Hyper-Convolutions via Implicit Kernels for Medical Imaging
Tianyu Ma, Alan Q. Wang, Adrian V. Dalca, Mert R. Sabuncu

TL;DR
This paper introduces hyper-convolutions, a novel convolutional building block that encodes kernels implicitly via spatial coordinates, allowing for flexible architecture design, improved performance, fewer parameters, and increased noise robustness in medical imaging tasks.
Contribution
It proposes hyper-convolutions that decouple kernel size from learnable parameters, enhancing flexibility and efficiency in CNN architectures for medical imaging.
Findings
Hyper-convolutions improve performance over standard convolutions.
They require fewer parameters for similar or better results.

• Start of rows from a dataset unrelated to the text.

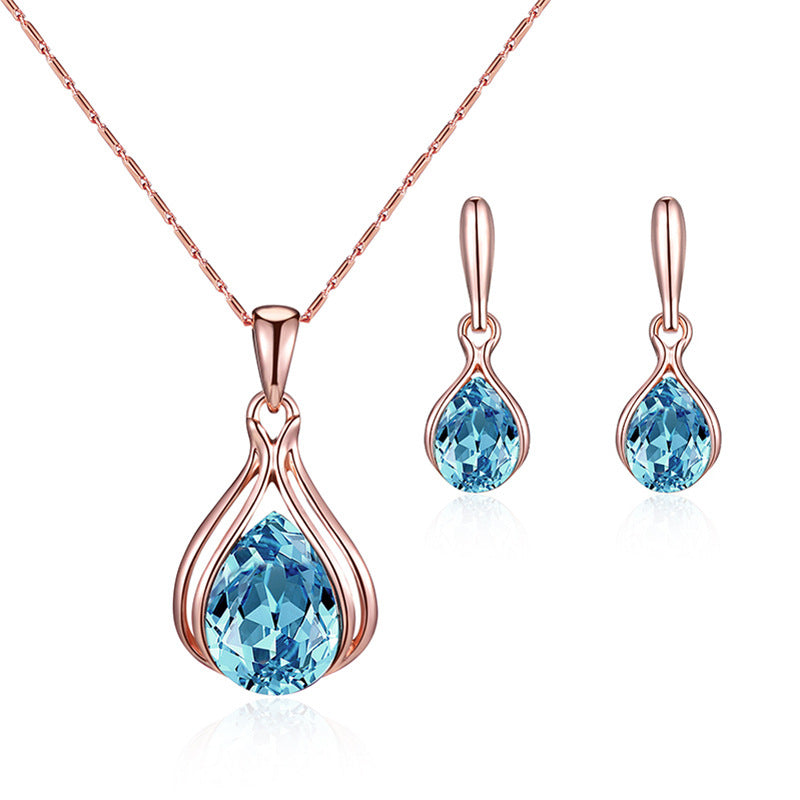 Elegant Pink Gem Necklace Jewelry Set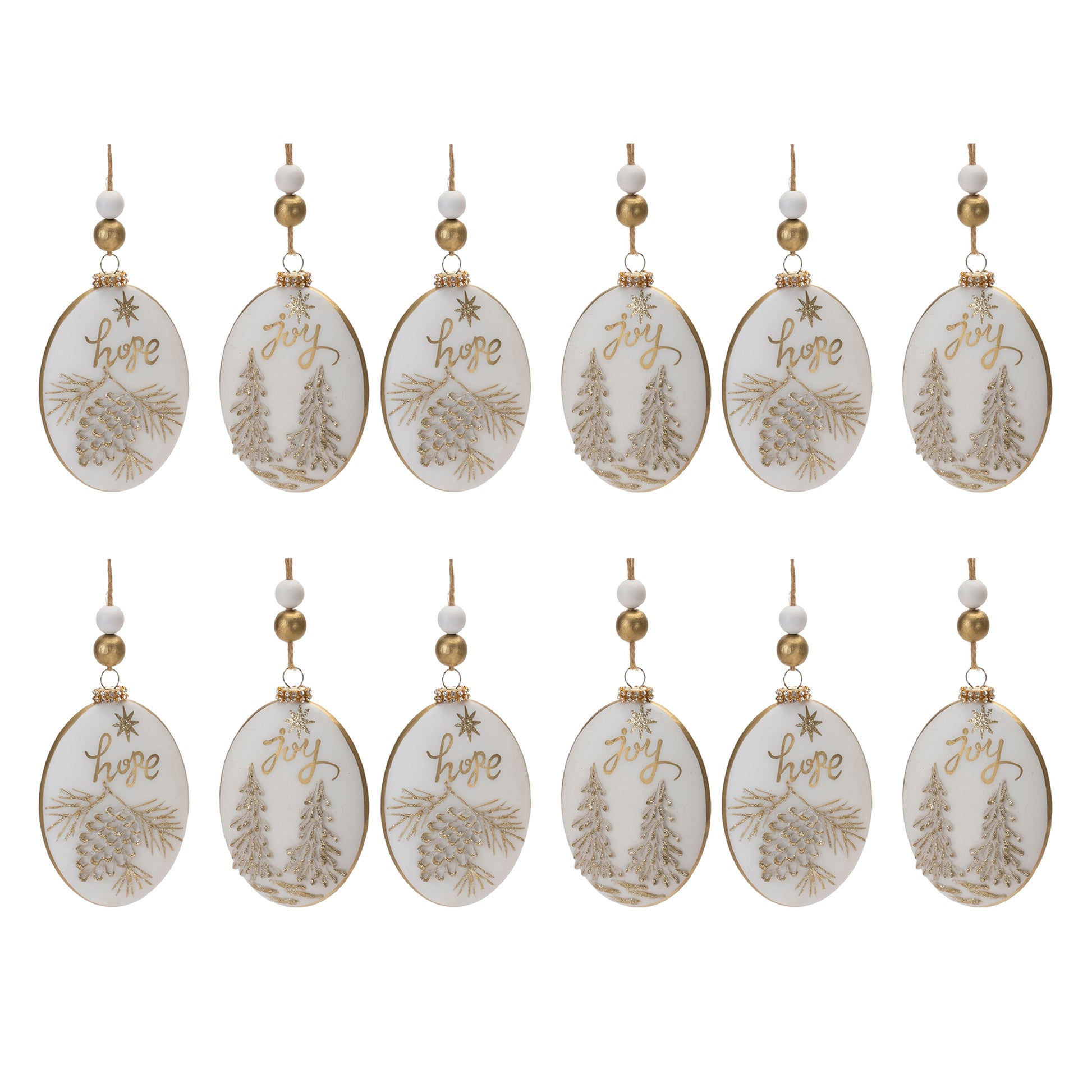 Glittered Glass Hope and Joy Ornament with Wood Beads (Set of 12)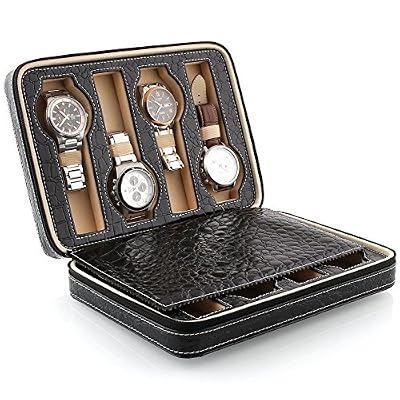 Amzdeal Présentoir Coffret à montres en simili cuir Crocodile avec zip, Boîte à montres avec 8 compartiments - Noir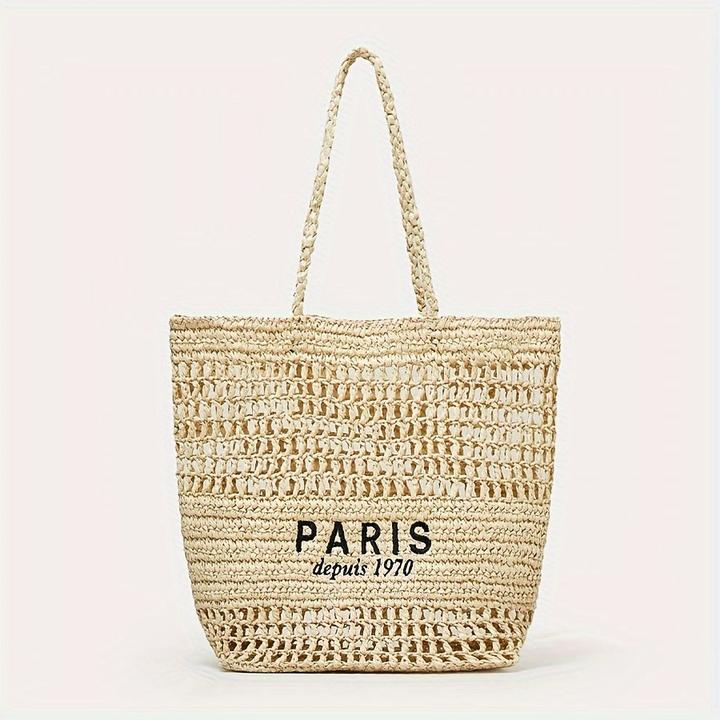 Immagine prodotto Only-Bags.Store Borsa della spesa in paglia intrecciata, borsa a tracolla con lettera ricamata alla moda, borsa da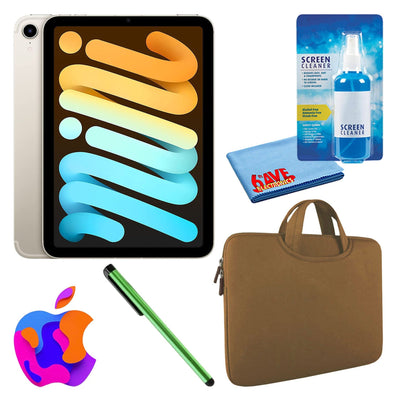 Apple iPad Mini 6 64GB, Cellular, Starlight Bundle with Zipper Sleeve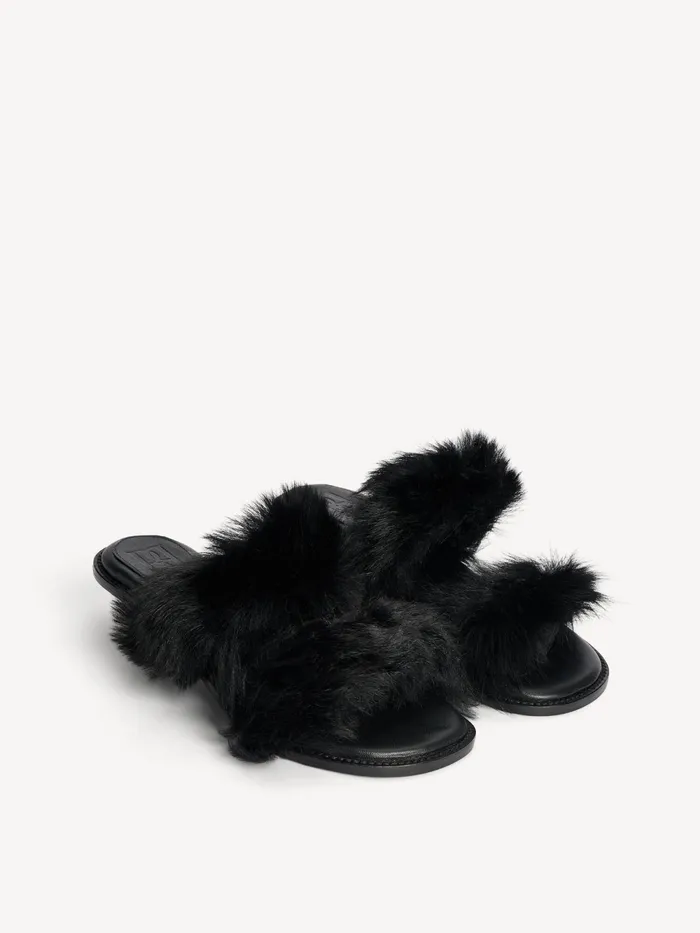 By Malene Birger Shoes Women Tianna Shearling Sandals Black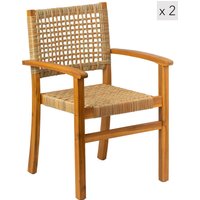 Nordlys Set of 2 Solid Acacia Wood & Rope Garden Chairs in Brown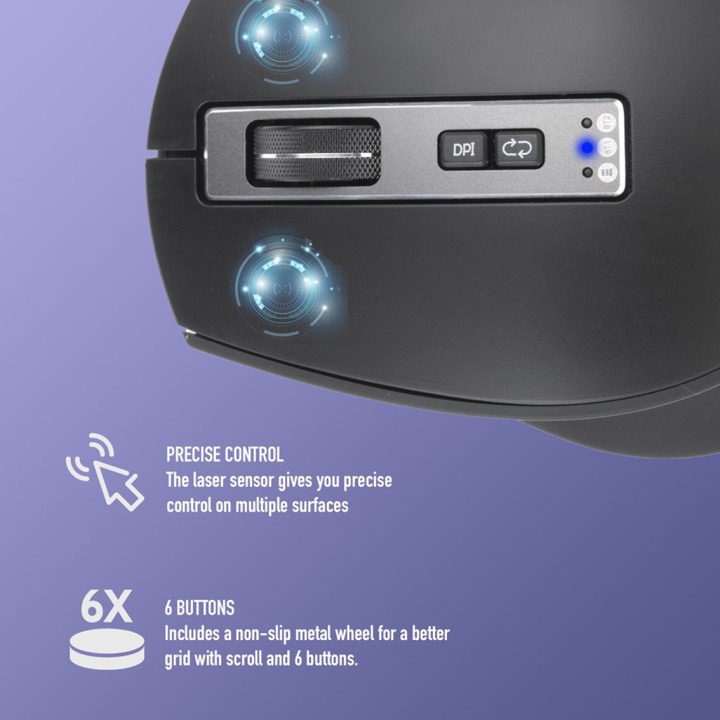 NGS Souris laser sans fil rechargeable 6 boutons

Hyper-convolutions increase robustness against noise.
Abstract
The convolutional neural network (CNN) is one of the most commonly used architectures for computer vision tasks. The key building block of a CNN is the convolutional kernel that aggregates information from the pixel neighborhood and shares weights across all pixels. A standard CNN's capacity, and thus its performance, is directly related to the number of learnable kernel weights, which is determined by the number of channels and the kernel size (support). In this paper, we present the \textit{hyper-convolution}, a novel building block that implicitly encodes the convolutional kernel using spatial coordinates. Hyper-convolutions decouple kernel size from the total number of learnable parameters, enabling a more flexible architecture design. We demonstrate in our experiments that replacing regular convolutions with hyper-convolutions can improve performance with less parameters, and…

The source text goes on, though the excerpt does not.